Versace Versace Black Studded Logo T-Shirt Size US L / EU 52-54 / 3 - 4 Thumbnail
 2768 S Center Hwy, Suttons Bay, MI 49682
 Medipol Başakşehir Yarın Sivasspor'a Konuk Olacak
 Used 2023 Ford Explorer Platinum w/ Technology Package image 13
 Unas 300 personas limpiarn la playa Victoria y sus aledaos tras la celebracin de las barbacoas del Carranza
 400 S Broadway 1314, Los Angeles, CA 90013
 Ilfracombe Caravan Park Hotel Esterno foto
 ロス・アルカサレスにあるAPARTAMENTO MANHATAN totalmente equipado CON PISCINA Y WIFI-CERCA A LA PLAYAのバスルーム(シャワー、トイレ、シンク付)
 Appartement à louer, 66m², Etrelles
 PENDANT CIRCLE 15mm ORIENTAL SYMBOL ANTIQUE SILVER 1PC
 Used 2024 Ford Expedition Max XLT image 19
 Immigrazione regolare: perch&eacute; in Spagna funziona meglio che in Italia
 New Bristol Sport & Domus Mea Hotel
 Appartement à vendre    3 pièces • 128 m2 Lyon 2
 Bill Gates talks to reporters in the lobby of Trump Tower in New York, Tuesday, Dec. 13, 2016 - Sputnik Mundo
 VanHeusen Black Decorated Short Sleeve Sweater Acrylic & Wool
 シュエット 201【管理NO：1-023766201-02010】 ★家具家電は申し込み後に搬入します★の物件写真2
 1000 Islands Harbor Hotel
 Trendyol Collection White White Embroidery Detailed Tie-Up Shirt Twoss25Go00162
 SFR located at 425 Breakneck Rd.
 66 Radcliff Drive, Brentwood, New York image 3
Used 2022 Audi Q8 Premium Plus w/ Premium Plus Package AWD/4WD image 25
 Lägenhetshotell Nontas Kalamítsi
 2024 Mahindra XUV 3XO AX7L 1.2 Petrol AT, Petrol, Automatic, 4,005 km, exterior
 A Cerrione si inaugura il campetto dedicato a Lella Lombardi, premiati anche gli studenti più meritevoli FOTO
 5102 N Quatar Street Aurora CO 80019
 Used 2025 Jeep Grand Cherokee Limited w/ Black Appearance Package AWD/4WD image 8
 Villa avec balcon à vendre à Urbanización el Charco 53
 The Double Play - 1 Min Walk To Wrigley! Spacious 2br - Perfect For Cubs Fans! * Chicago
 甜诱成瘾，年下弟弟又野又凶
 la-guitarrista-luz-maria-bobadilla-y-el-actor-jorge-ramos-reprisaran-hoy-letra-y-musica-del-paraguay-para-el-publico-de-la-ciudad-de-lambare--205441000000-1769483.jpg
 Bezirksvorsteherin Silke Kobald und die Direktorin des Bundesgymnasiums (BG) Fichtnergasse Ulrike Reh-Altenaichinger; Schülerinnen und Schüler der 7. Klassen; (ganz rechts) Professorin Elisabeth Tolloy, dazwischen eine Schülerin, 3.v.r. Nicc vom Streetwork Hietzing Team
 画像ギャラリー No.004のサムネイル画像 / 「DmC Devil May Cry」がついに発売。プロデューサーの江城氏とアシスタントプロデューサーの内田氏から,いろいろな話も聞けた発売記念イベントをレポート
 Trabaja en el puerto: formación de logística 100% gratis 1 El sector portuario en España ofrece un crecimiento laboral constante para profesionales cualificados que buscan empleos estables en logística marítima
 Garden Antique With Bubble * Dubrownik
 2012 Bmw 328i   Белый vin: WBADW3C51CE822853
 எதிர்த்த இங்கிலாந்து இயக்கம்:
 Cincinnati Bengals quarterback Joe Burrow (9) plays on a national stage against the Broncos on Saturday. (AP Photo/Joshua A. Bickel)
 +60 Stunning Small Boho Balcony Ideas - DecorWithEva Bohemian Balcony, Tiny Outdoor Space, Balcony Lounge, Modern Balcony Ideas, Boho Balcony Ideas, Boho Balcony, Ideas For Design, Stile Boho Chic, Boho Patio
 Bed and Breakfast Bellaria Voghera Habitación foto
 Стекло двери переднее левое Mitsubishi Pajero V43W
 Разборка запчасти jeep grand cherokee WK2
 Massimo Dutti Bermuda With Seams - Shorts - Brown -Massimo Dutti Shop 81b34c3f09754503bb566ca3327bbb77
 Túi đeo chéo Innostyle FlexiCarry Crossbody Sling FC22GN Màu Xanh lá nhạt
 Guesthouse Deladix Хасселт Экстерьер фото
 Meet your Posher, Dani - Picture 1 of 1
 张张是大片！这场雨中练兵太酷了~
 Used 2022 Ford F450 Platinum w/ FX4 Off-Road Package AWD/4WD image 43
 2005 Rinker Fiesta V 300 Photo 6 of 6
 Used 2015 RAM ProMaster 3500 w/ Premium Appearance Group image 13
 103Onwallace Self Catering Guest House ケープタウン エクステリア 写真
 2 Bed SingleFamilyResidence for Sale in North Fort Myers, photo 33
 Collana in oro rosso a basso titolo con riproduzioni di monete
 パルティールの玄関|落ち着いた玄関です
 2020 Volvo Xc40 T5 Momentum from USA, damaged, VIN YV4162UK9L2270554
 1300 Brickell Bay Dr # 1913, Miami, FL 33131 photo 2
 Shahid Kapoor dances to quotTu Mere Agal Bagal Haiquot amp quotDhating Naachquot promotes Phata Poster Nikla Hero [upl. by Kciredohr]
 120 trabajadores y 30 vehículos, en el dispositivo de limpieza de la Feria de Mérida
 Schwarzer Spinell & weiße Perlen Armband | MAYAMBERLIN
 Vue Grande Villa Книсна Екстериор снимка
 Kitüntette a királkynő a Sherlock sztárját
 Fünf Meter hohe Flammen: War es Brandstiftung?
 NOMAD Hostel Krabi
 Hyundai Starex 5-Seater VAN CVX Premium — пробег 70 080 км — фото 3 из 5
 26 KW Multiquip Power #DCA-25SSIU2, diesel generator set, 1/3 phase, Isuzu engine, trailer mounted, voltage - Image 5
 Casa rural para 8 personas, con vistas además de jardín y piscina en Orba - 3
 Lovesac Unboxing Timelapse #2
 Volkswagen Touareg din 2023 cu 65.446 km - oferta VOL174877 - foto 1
+---+
TASK ITEM =
Where the line holding "Medipol Başakşehir Yarın" appears in the listing above, start reproducing exactly, and end with the line holding "Ilfracombe Caravan Park Hotel Esterno foto".

FINISHED TASK =
 Medipol Başakşehir Yarın Sivasspor'a Konuk Olacak
 Used 2023 Ford Explorer Platinum w/ Technology Package image 13
 Unas 300 personas limpiarn la playa Victoria y sus aledaos tras la celebracin de las barbacoas del Carranza
 400 S Broadway 1314, Los Angeles, CA 90013
 Ilfracombe Caravan Park Hotel Esterno foto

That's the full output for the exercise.